Instructions for the task →
Aim for an exact copy of the listing, without any images.

^^^^^^^^^^^^^^^^

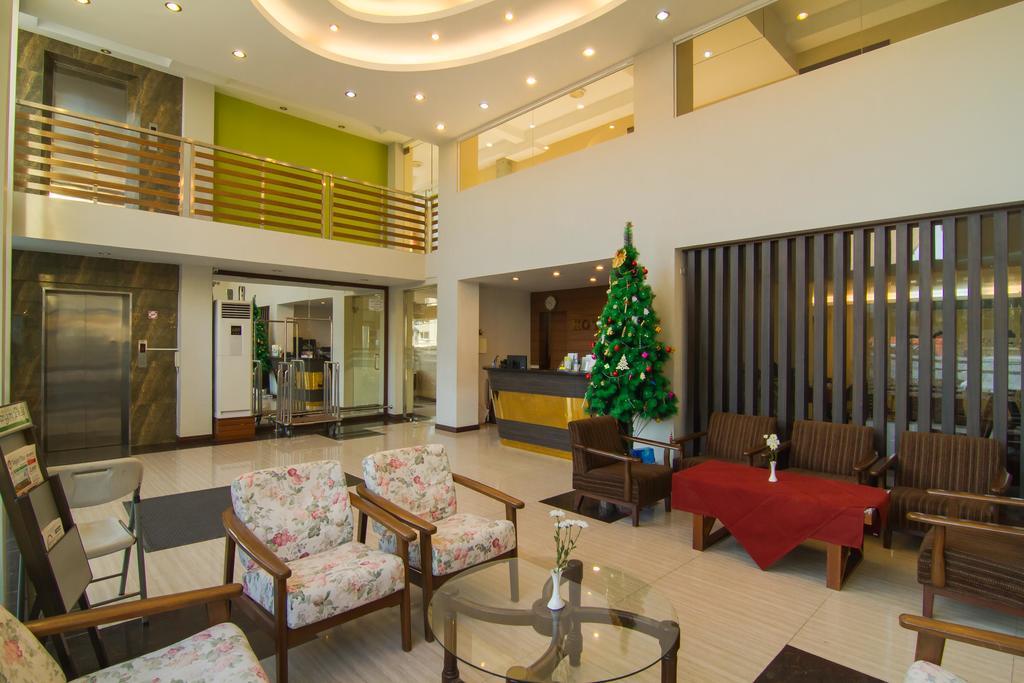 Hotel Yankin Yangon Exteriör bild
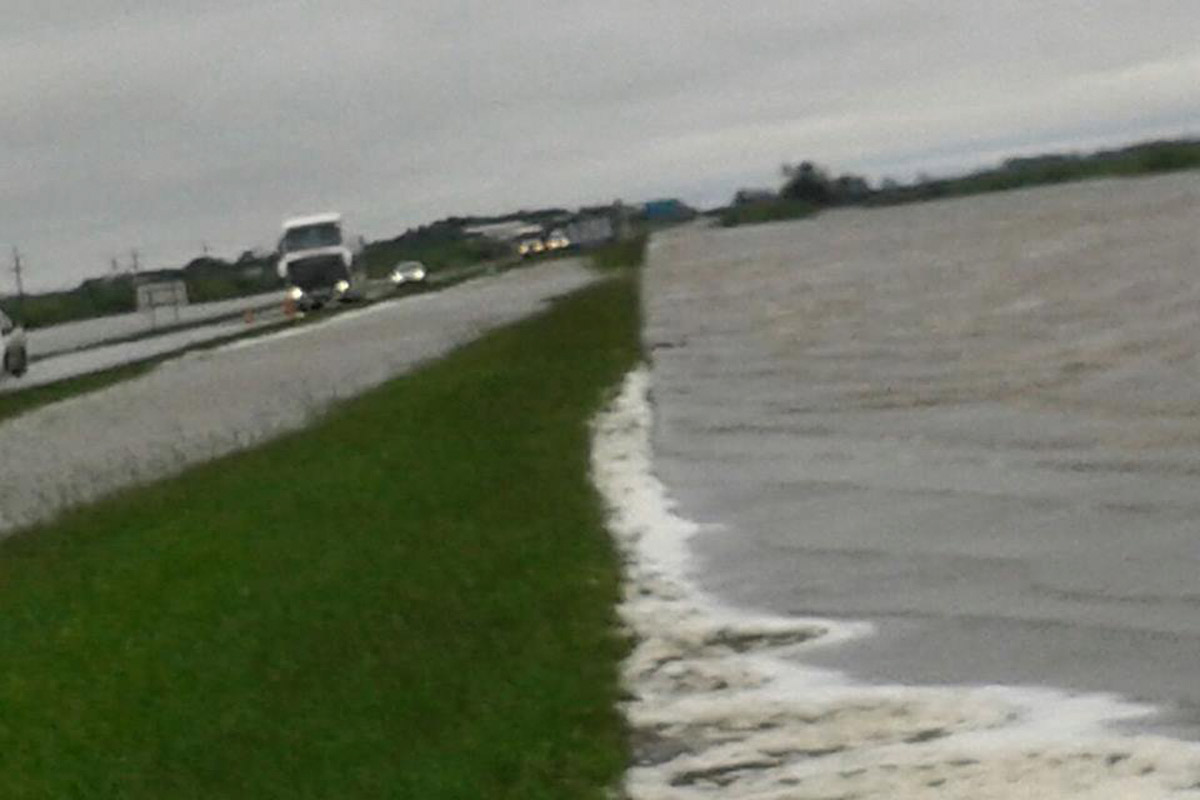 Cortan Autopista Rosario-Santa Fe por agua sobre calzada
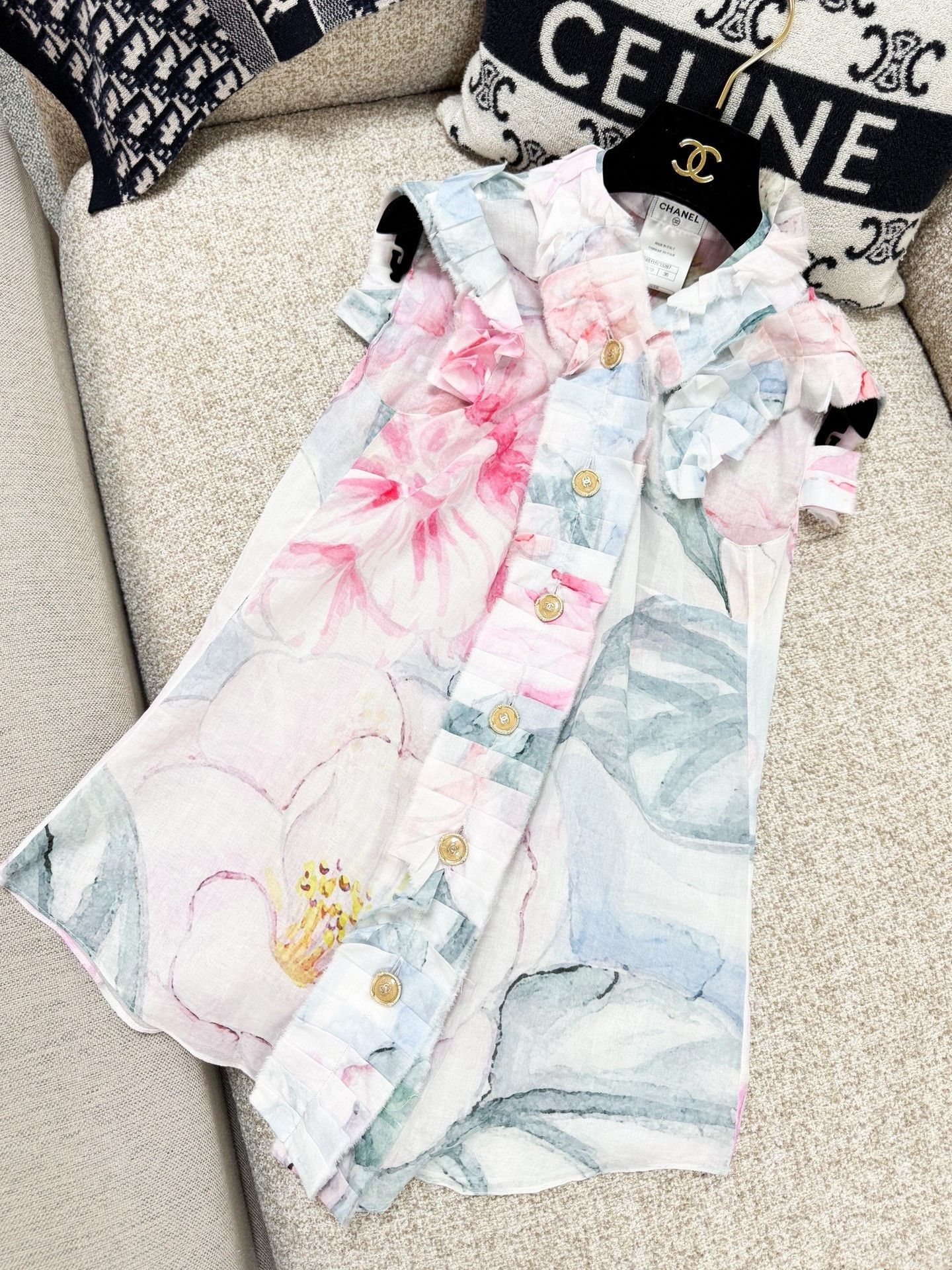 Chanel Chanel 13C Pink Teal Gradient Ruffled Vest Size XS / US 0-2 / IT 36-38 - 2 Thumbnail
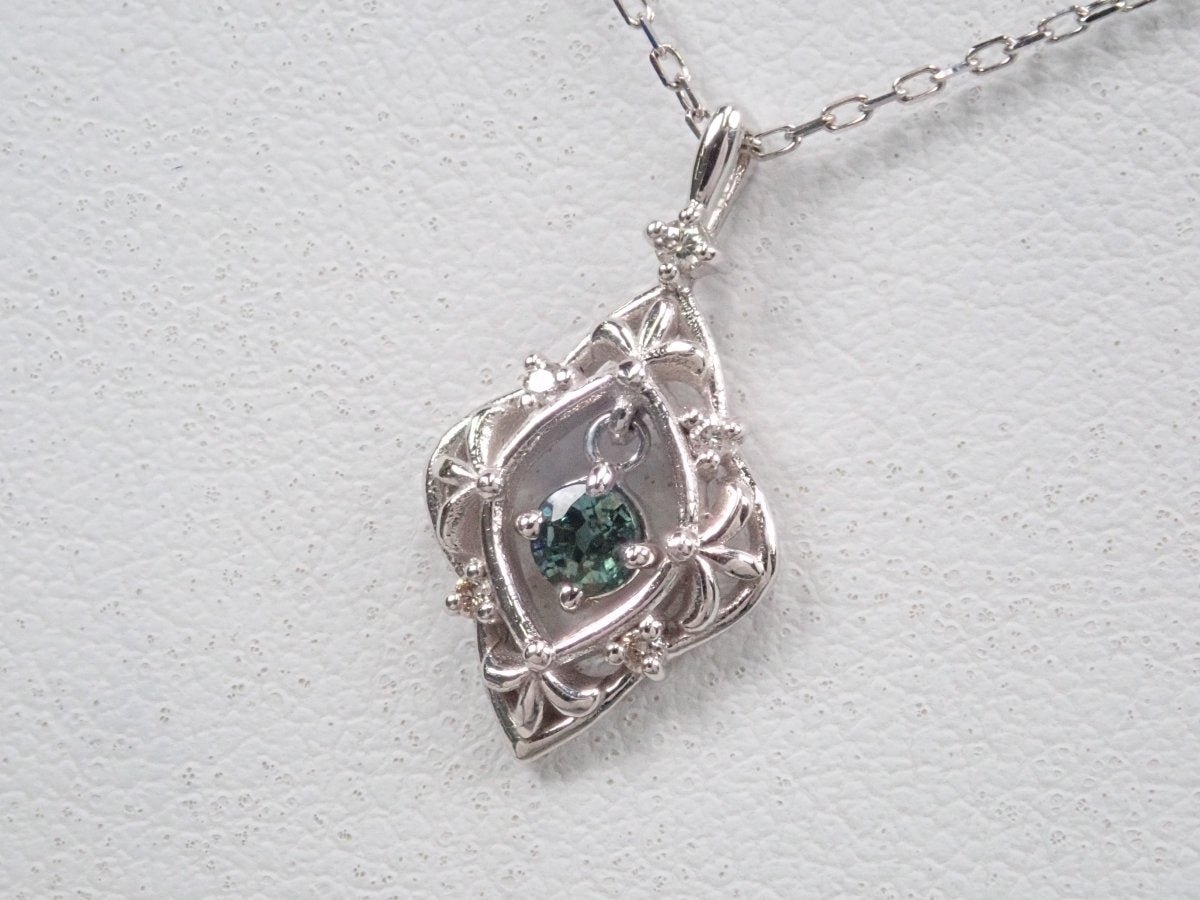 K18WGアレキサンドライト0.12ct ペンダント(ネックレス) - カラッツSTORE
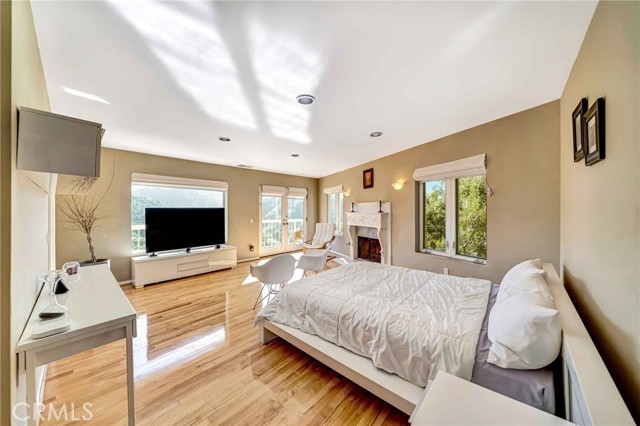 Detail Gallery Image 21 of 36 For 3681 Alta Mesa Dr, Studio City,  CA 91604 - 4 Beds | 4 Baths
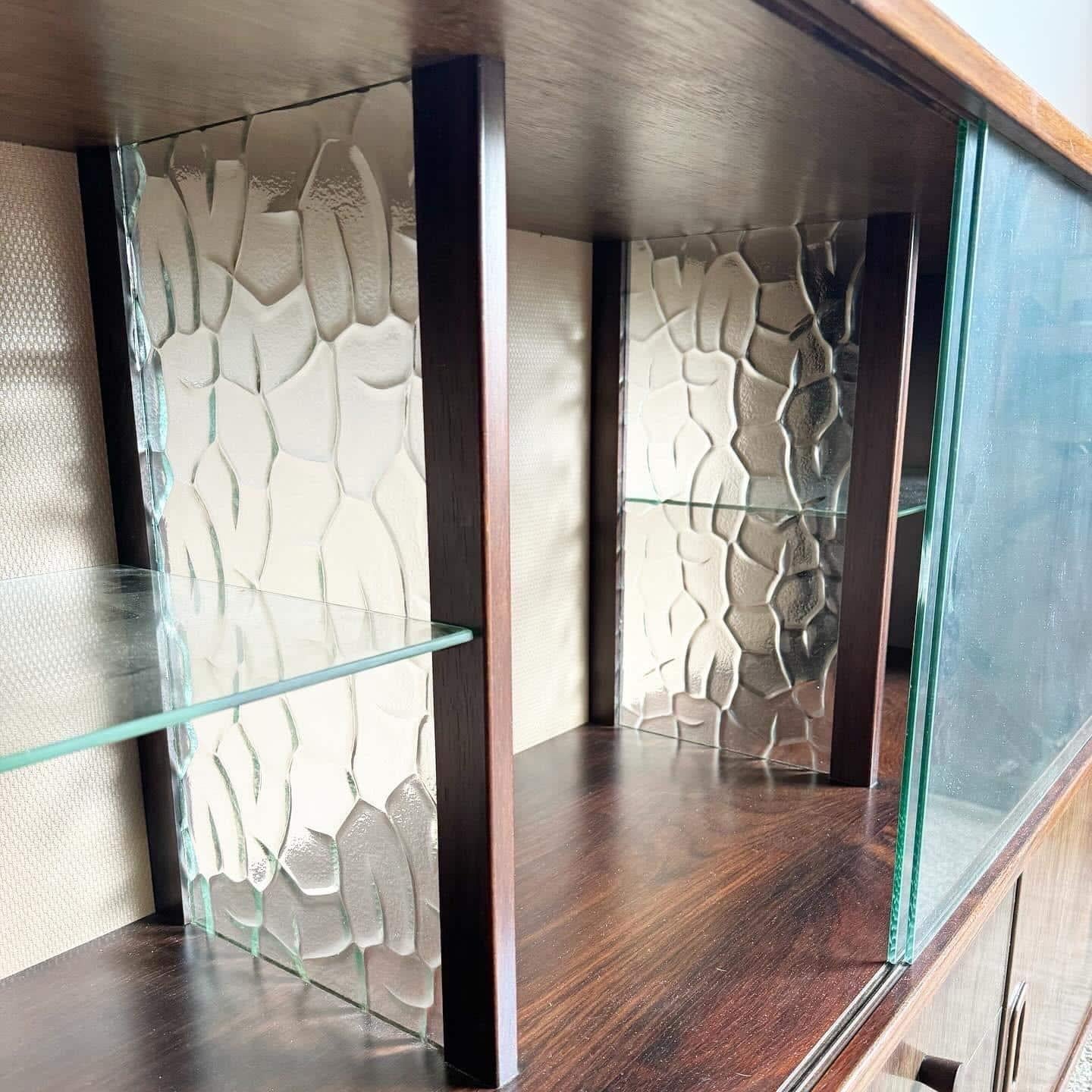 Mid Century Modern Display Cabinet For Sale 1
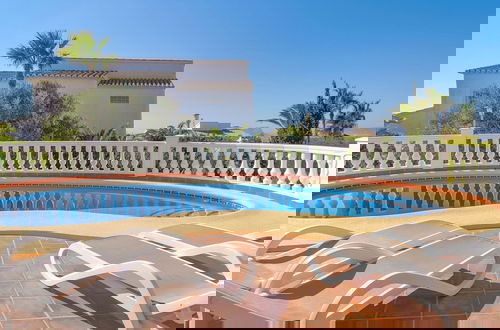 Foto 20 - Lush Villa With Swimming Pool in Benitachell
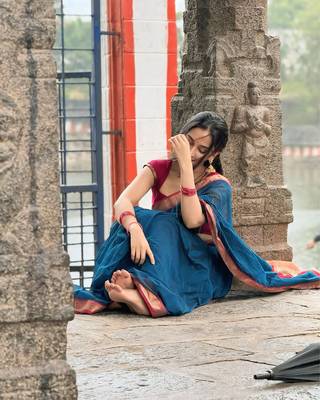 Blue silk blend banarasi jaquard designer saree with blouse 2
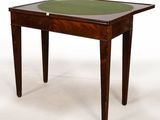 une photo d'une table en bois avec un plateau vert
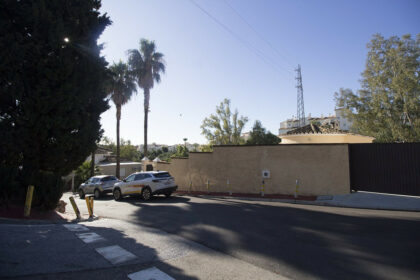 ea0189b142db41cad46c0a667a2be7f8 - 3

^^^^^^^^^^^^^^^^

Answer →
 Hotel Yankin Yangon Exteriör bild
 Cortan Autopista Rosario-Santa Fe por agua sobre calzada
 Chanel Chanel 13C Pink Teal Gradient Ruffled Vest Size XS / US 0-2 / IT 36-38 - 2 Thumbnail
 K18WGアレキサンドライト0.12ct ペンダント(ネックレス) - カラッツSTORE
 Detail Gallery Image 21 of 36 For 3681 Alta Mesa Dr, Studio City,  CA 91604 - 4 Beds | 4 Baths
 Mid Century Modern Display Cabinet For Sale 1
 Foto 20 - Lush Villa With Swimming Pool in Benitachell
 Blue silk blend banarasi jaquard designer saree with blouse 2
 une photo d'une table en bois avec un plateau vert
 ea0189b142db41cad46c0a667a2be7f8 - 3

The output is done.